Multicore Processing

As advances in raw processor speeds decline, multicore processors are becoming increasingly popular choices to maximize the number of calculations that may be completed in a given period of time. The potential for increased performance by writing multicore programs comes at the cost of code complexity. This topic addresses potential pitfalls when writing code for the Wii U multicore processor, Espresso.

Introduction

A preview of the Cafe process switching model was introduced in SDK 2.03. Additional changes, feature enhancements, and performance improvements are implemented. Process switching allows system applications to be separated from the game in both execution and development.

Process Definition

On Cafe, a process is composed of a single RPX file and a separate memory address space which is isolated from other processes. The state is managed by the kernel. Each process also has a system message queue. Unlike some other operating systems, the Cafe kernel schedules processes, not threads. Threads are still scheduled in a user-mode.

A process may use CPU time on Core 2 while it is not in the foreground, or may set a configuration option to specify that it should not receive any processor time while in the background. See "Background Process" below for more information on this special mode.

NOTE:
There are three cores available for processes: Core 0, Core 1, and Core 2.

Foreground Process

At any one time, there is only one process that is allowed to interact with the user by displaying graphics, playing audio, or receiving input from controllers. This process is called the foreground process. Similarly, all resources that are only available to the foreground process are called foreground-only resources. The foreground has access to all three cores.

For more information about processes that are in the foreground state, see Foreground State.

For more information about moving from the foreground to the background, see Moving to the Background.

Background Process

If your application has been requested to move to the background, it still has some actions it can take while waiting to return to the foreground.

For more information about processes that are in the background state, see Background State.

For more information about moving from the background to the foreground, see Moving to the Foreground.

Exiting

In certain circumstances, a process will need to exit. ProcUIProcessMessages will return PROCUI_STATUS_EXIT to indicate this. At this point, the process will need to cleanup any resources and return from main.

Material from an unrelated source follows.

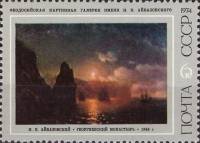 1974-022 Марка СССР Георгиевский Монастырь   И.К. Айвазовский III Θ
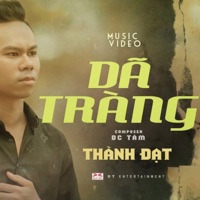 Dã Tràng - Single - Nguyễn Thành Đạt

Foreground and Background Switching Libraries

For more information about the libraries specific to foreground and background switching, see:

Demos for Process Switching

$CAFE_ROOT/system/src/demo/os/switch

Espresso CPU Information

NOTE:
For the purpose of this discussion, we briefly explain the Espresso cache coherency model. For more complete information about the Espresso CPU than is presented here, see IBM Espresso RISC Microprocessor Developer's User Manual, Version 2 on your local Nintendo developer support group website., Espresso CPU Performance Guide, and Cache Performance Implications of Shared Data.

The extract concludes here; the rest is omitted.